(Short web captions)
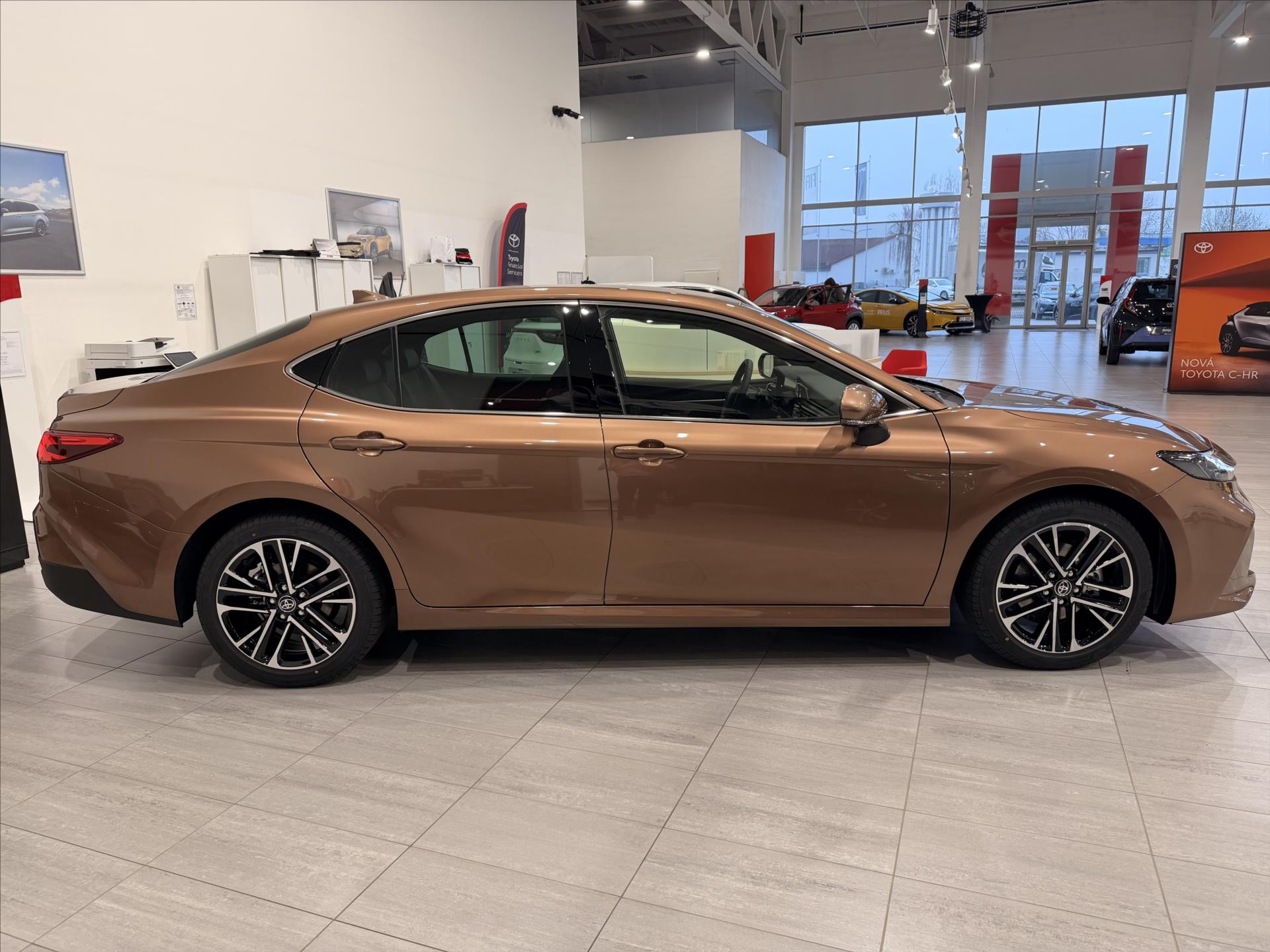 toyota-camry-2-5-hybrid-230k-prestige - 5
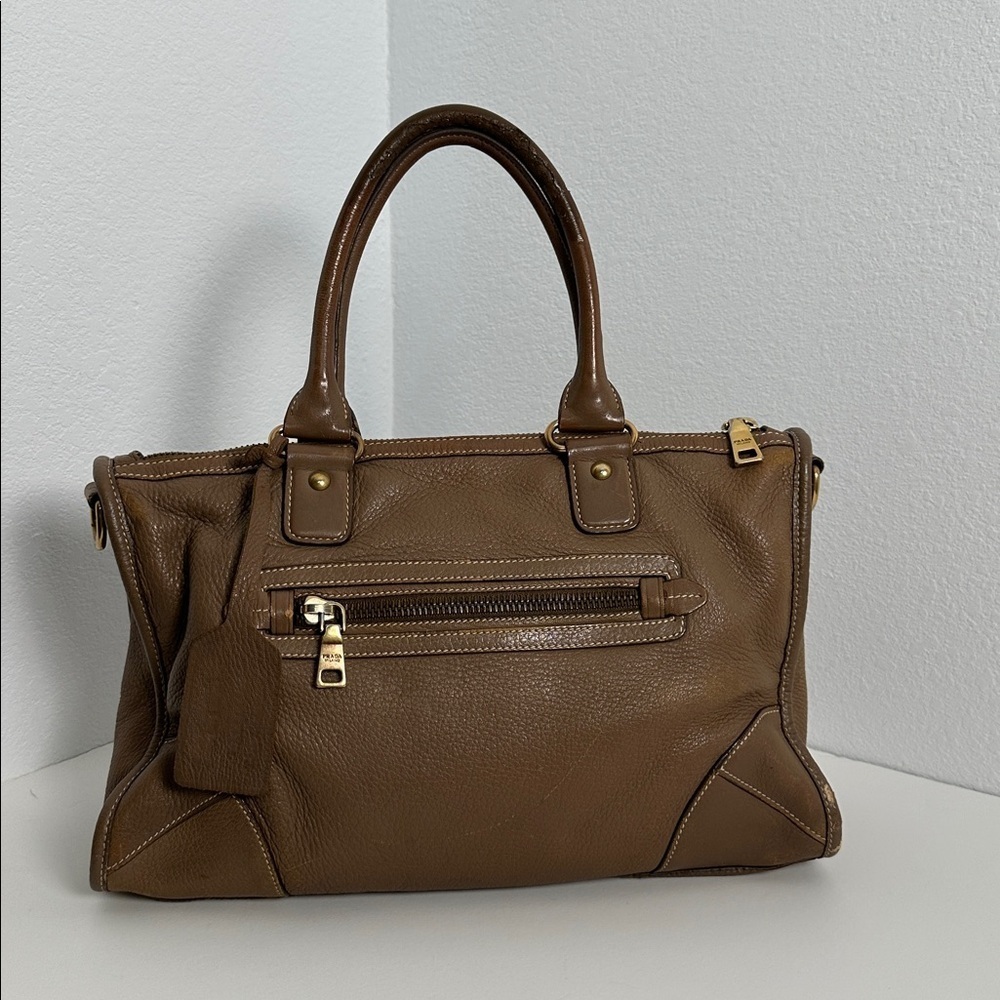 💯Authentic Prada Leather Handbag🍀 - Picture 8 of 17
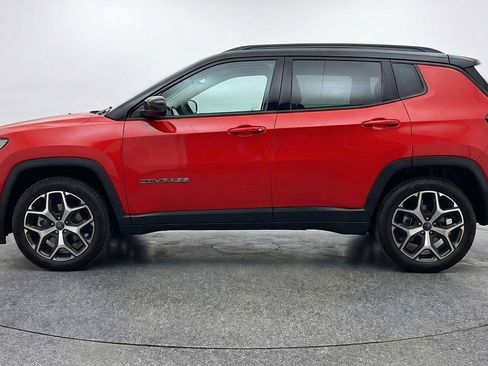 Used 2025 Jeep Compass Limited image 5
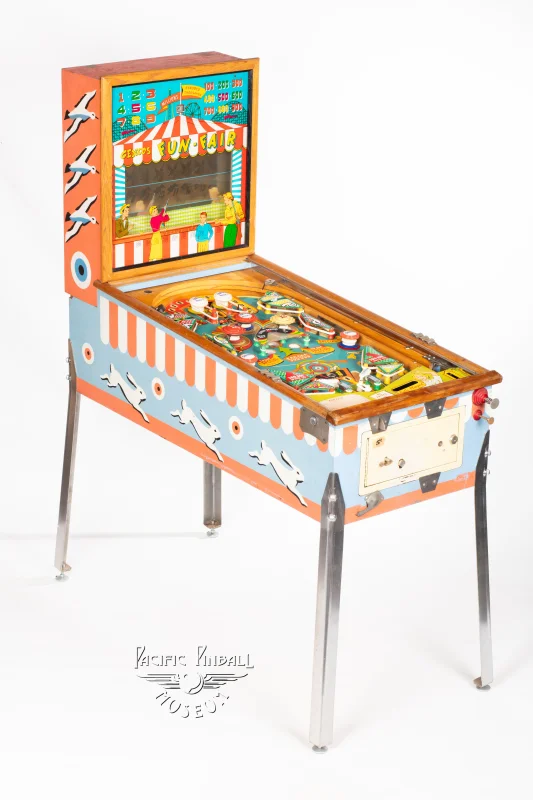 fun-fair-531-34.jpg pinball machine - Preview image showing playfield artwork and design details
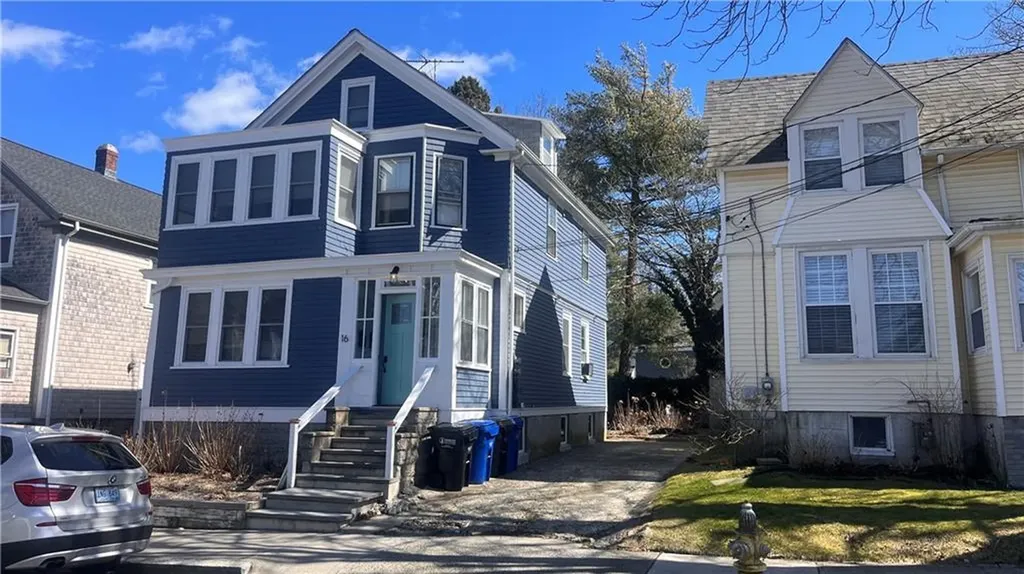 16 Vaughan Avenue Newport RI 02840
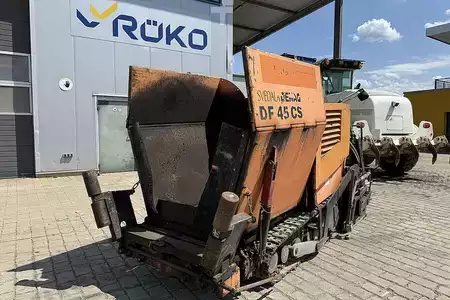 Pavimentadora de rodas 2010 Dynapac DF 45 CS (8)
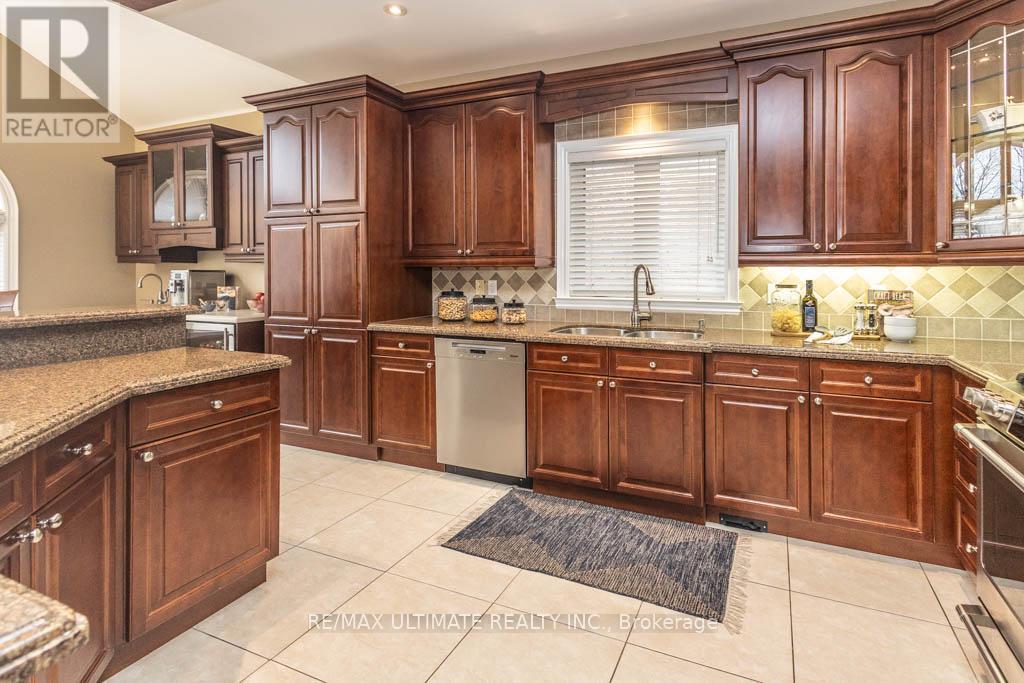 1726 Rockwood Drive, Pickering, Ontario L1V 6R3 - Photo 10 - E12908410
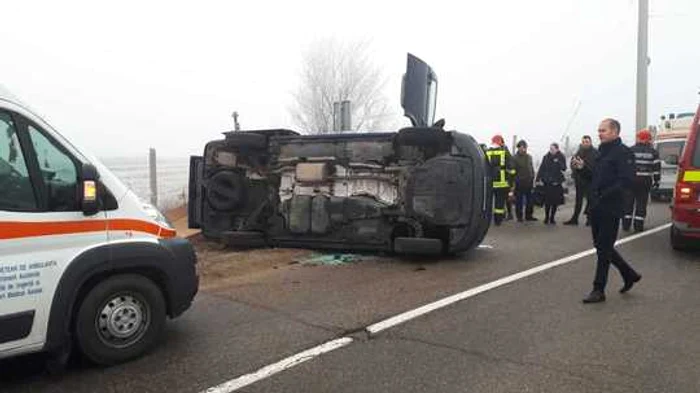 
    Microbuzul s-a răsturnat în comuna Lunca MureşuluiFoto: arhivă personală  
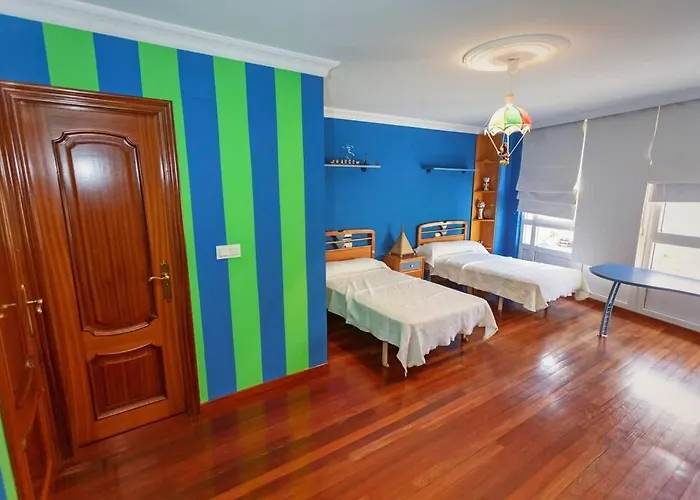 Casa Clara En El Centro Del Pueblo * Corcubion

Task to carry out: Pictures excluded, print only the lines from the one with "Microbuzul s-a răsturnat" through the end of the entries above, exactly as written.

Your response:
    Microbuzul s-a răsturnat în comuna Lunca MureşuluiFoto: arhivă personală  
 Casa Clara En El Centro Del Pueblo * Corcubion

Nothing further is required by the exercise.